-------- Records provided

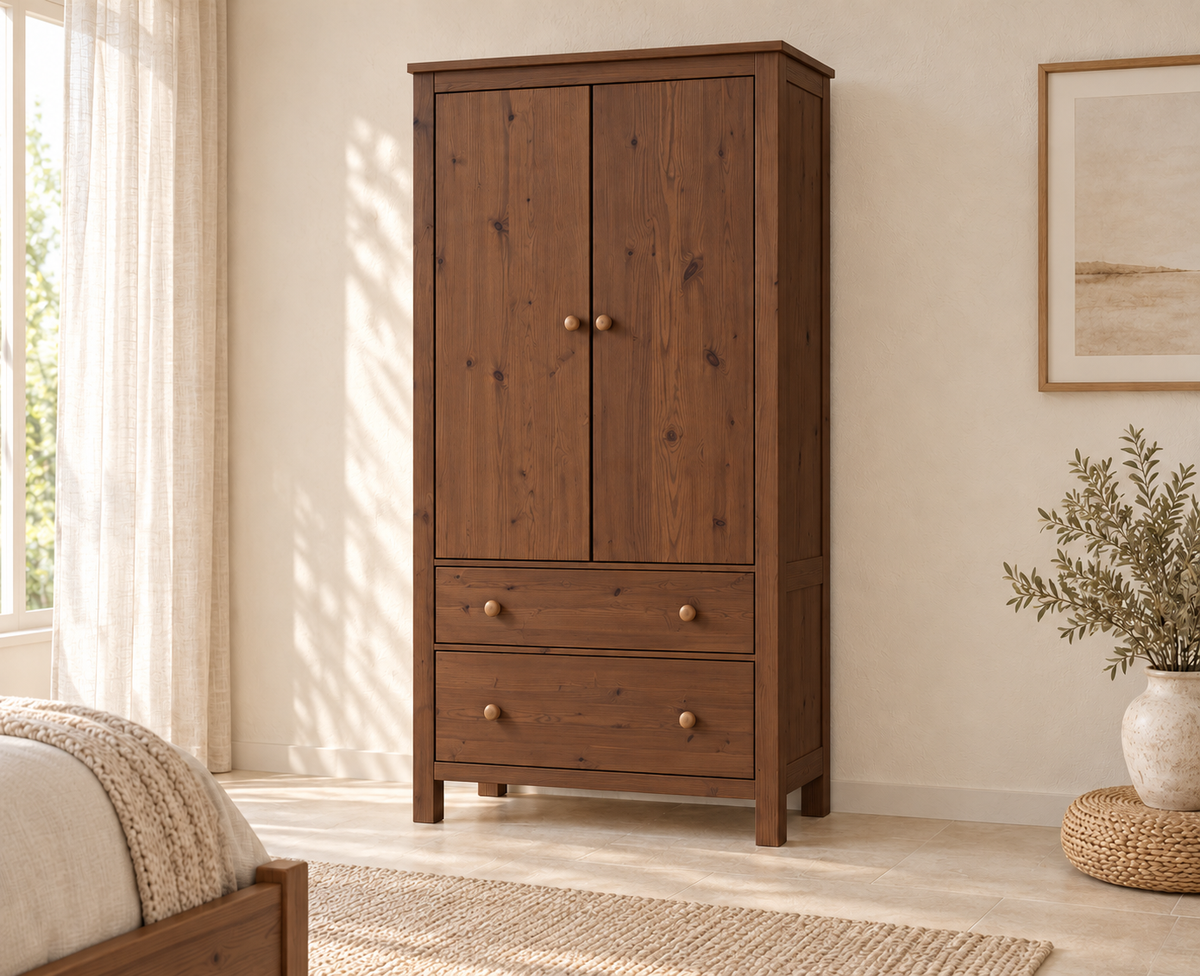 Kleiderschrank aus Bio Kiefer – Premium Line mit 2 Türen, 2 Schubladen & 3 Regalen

----------------
-------- Records provided

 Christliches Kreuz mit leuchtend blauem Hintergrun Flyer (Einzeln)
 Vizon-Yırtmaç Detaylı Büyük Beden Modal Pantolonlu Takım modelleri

----------------
-------- Records provided

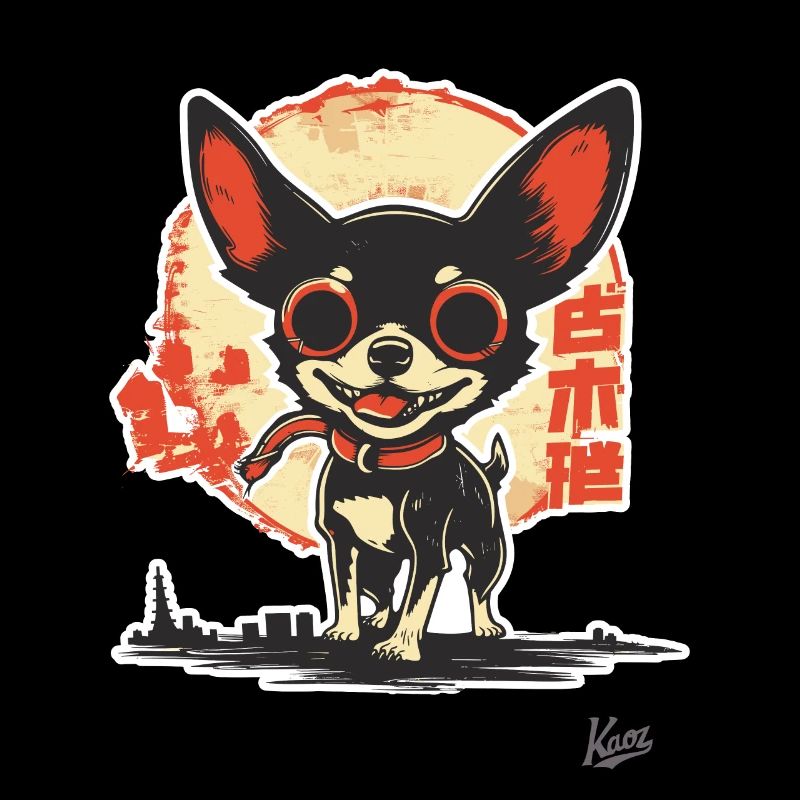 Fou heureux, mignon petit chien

----------------

_Exercise_
In the data above, start at the line that has "Christliches Kreuz mit", stop after the line that has "Vizon-Yırtmaç Detaylı Büyük", and print every line in between exactly as it stands.

_Task solution_
 Christliches Kreuz mit leuchtend blauem Hintergrun Flyer (Einzeln)
 Vizon-Yırtmaç Detaylı Büyük Beden Modal Pantolonlu Takım modelleri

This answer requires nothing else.